9. This Court in R.C. Hitter & Sons v. C.I.T.- : 36ITR194(SC) , examined the claim of a firm for registration under Section 26A of the Act and laid down that the following were the conditions to be satisfied in order that a firm may be entitled to registration :
(i) the firm should be constituted under an instrument of partnership specifying the individual share of the partners;
(ii) an application on behalf of and signed by all partners and containing all the particulars as set out in the Rules must be made;
(iii) the application should be made before the assessment of the firm under Section 23 of the Act for that particular year;
(iv) the profits or loss, if any, of the business relating to the accounting year should have been divided or credited, as the case may be, in accordance with the terms of the instrument; and
(v) the partnership must be genuine and must actually have existed in conformity with the terms and conditions of the instrument of partnership in the accounting year.

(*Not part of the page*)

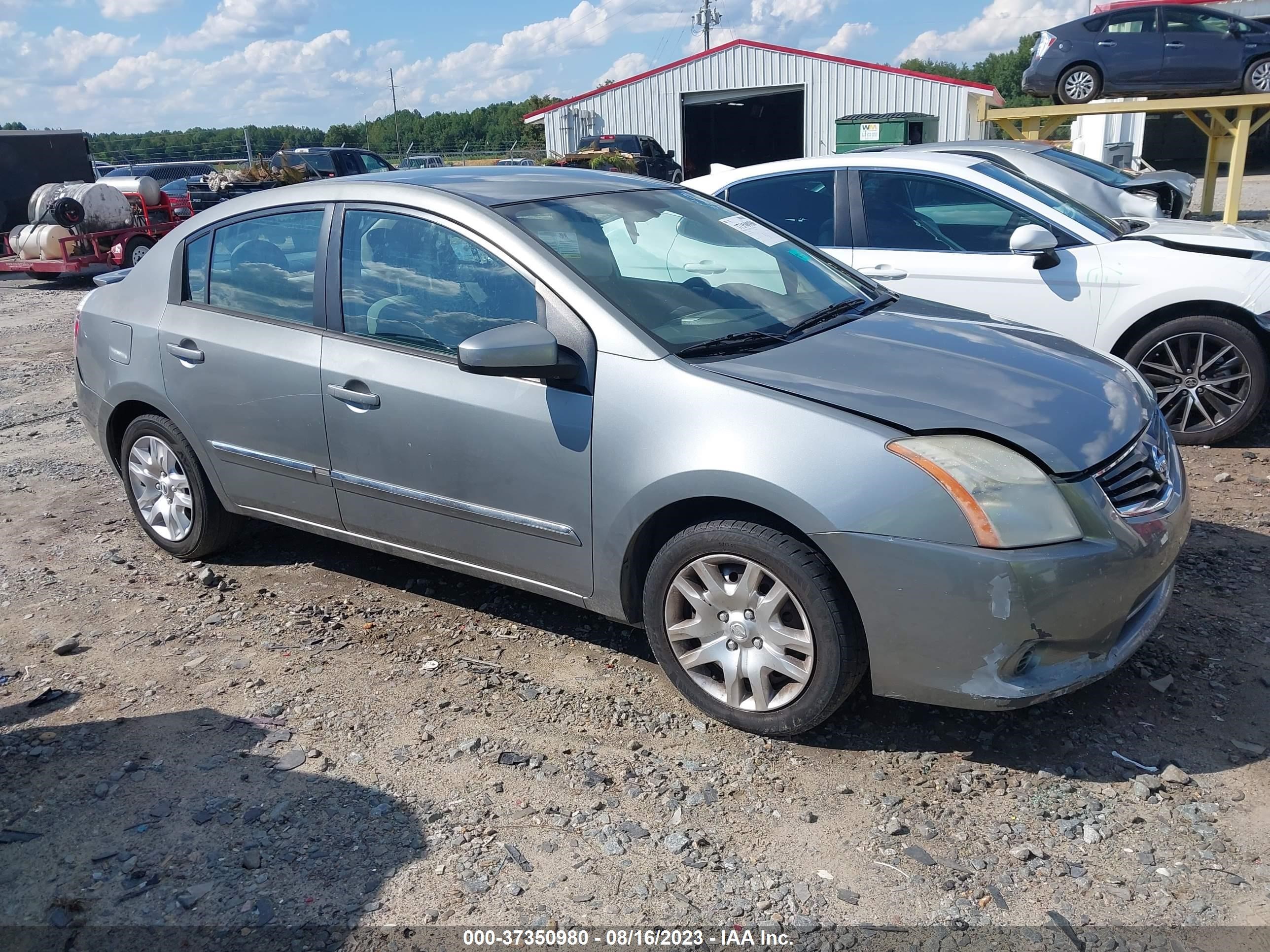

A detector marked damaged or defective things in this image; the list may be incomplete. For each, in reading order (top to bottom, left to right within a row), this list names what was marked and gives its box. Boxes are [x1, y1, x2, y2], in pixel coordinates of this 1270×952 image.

Once such conditions are satisfied, it is the obligation of the Income-tax Officer under the Act to extend the benefit of registration and allow the firm to enjoy the benefits provided by the Act. The Tribunal did record a clear finding that these conditions were satisfied. In that view of the matter, registration as accorded by the Tribunal was in accordance with law. Once this conclusion is reached, the other questions, as we have already noted, turn out to be academic and need not be answered.
10. We allow the appeals, vacate the judgment of the High Court and restore that of the Tribunal. Parties shall bear their own costs in the High Court as also here.